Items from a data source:
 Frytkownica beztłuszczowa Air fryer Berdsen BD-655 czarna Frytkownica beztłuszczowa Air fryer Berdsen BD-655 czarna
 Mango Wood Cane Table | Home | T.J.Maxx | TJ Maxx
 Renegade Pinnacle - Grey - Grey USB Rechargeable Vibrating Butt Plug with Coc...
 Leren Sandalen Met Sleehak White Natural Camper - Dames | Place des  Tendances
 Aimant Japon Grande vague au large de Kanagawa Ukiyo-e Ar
--
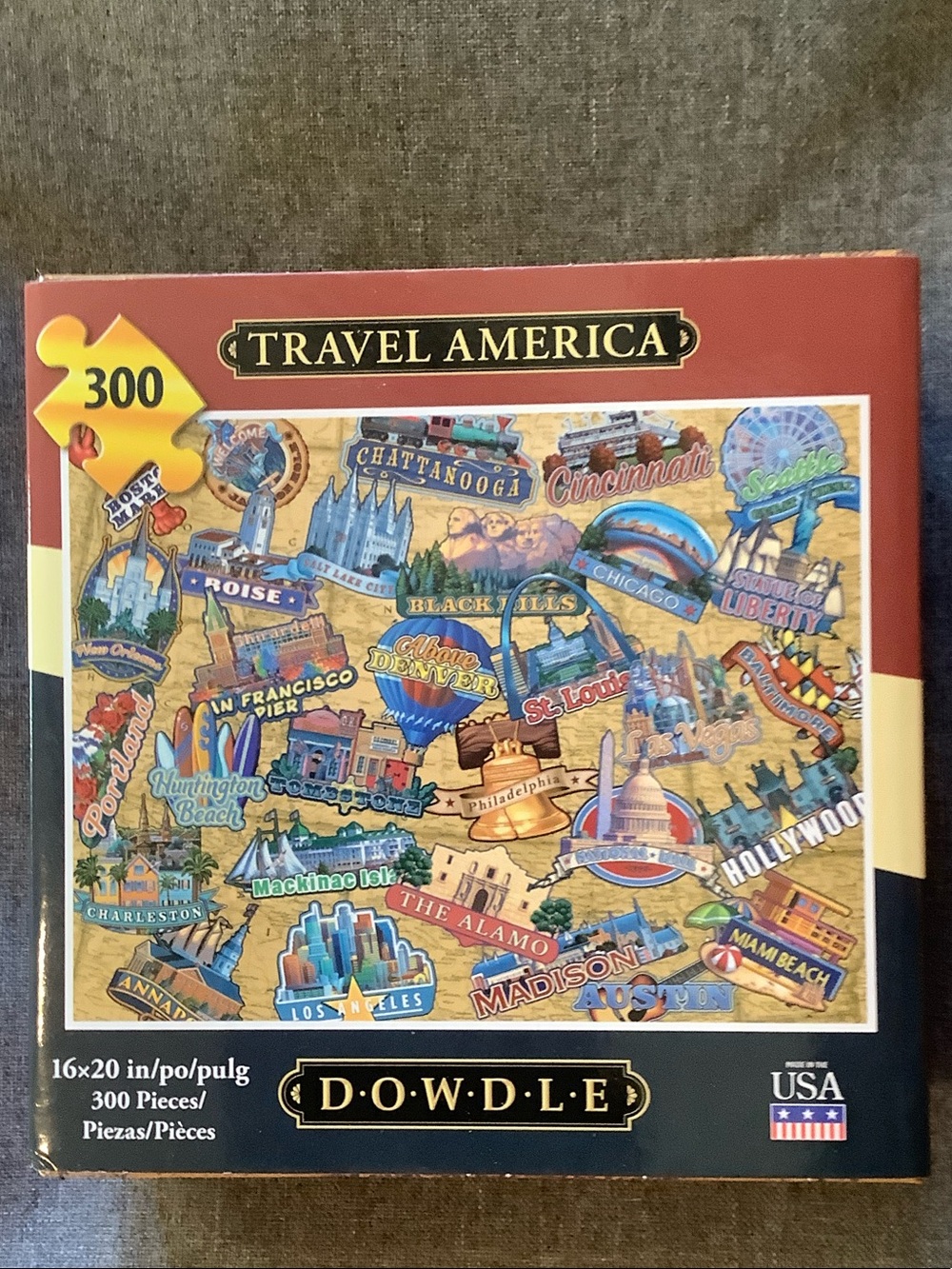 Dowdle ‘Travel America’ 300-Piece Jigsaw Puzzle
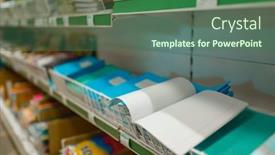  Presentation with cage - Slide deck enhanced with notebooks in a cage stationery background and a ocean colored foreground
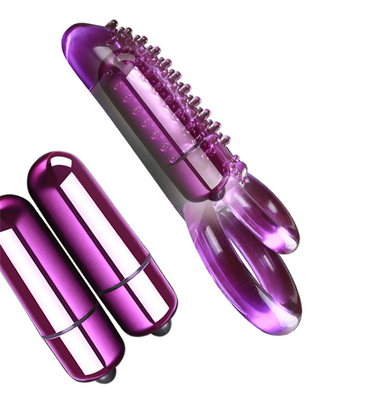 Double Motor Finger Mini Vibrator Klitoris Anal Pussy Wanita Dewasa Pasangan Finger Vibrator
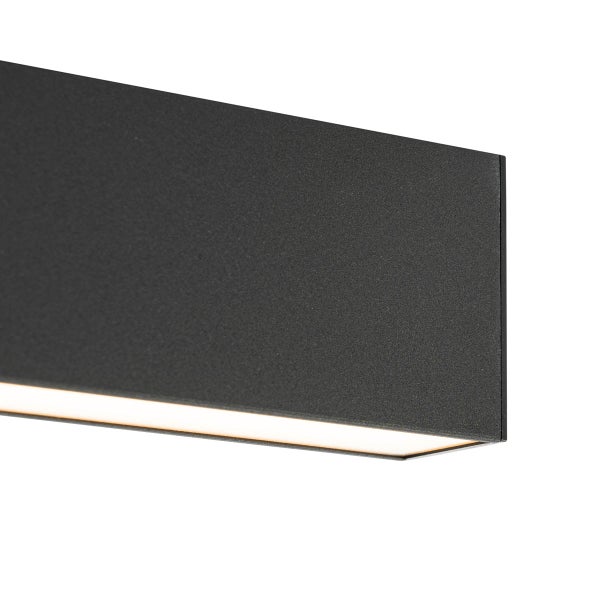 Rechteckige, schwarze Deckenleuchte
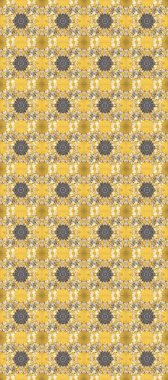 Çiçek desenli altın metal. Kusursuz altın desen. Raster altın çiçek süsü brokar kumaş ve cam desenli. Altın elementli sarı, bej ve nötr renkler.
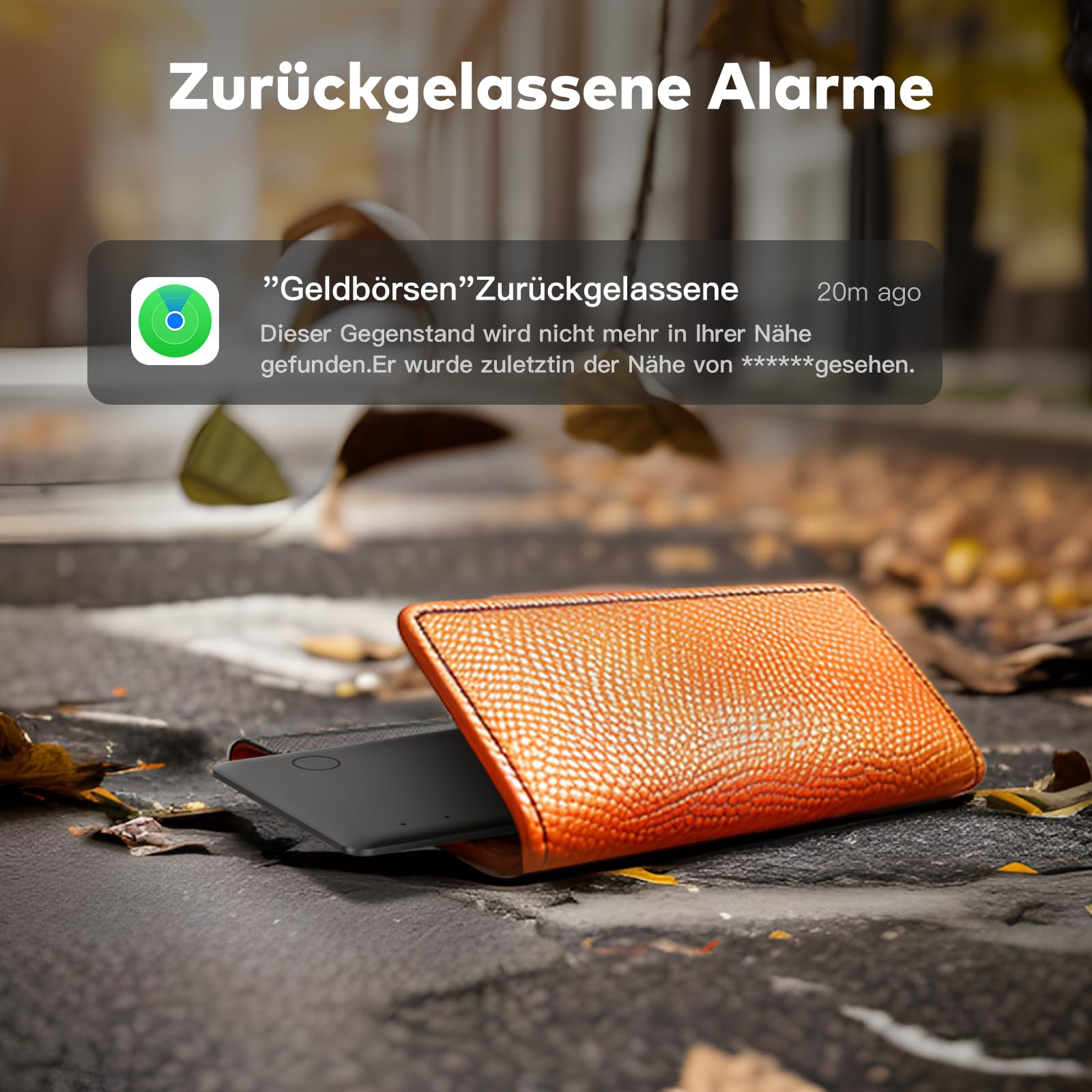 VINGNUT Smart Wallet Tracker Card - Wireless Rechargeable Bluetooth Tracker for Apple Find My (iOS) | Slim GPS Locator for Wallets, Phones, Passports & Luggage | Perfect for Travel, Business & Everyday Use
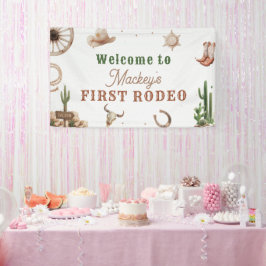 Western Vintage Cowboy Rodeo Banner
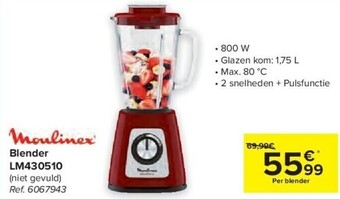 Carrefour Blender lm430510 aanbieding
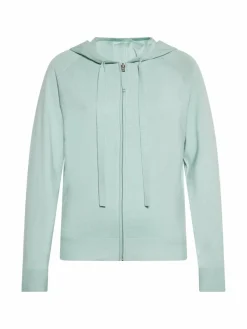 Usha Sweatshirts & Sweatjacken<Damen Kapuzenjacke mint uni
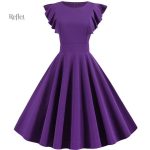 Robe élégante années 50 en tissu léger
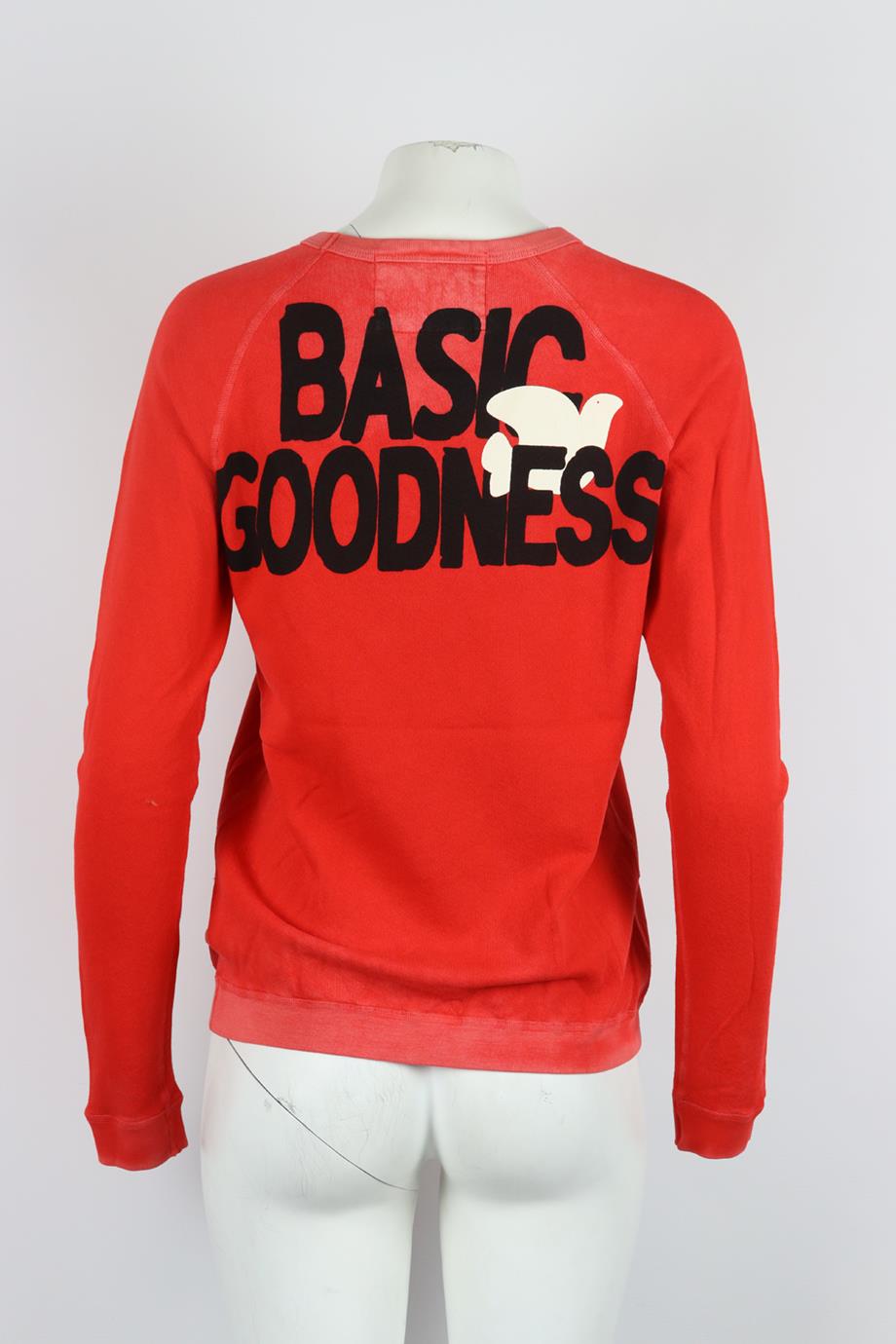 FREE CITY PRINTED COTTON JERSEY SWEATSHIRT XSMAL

§ Task:
Reproduce, exactly and only, the lines of the records above starting at the line with "Çiçek desenli altın" and ending at the line with "VINGNUT Smart Wallet", both included. Leave every picture out.

§ Answer section:
 Çiçek desenli altın metal. Kusursuz altın desen. Raster altın çiçek süsü brokar kumaş ve cam desenli. Altın elementli sarı, bej ve nötr renkler.
 VINGNUT Smart Wallet Tracker Card - Wireless Rechargeable Bluetooth Tracker for Apple Find My (iOS) | Slim GPS Locator for Wallets, Phones, Passports & Luggage | Perfect for Travel, Business & Everyday Use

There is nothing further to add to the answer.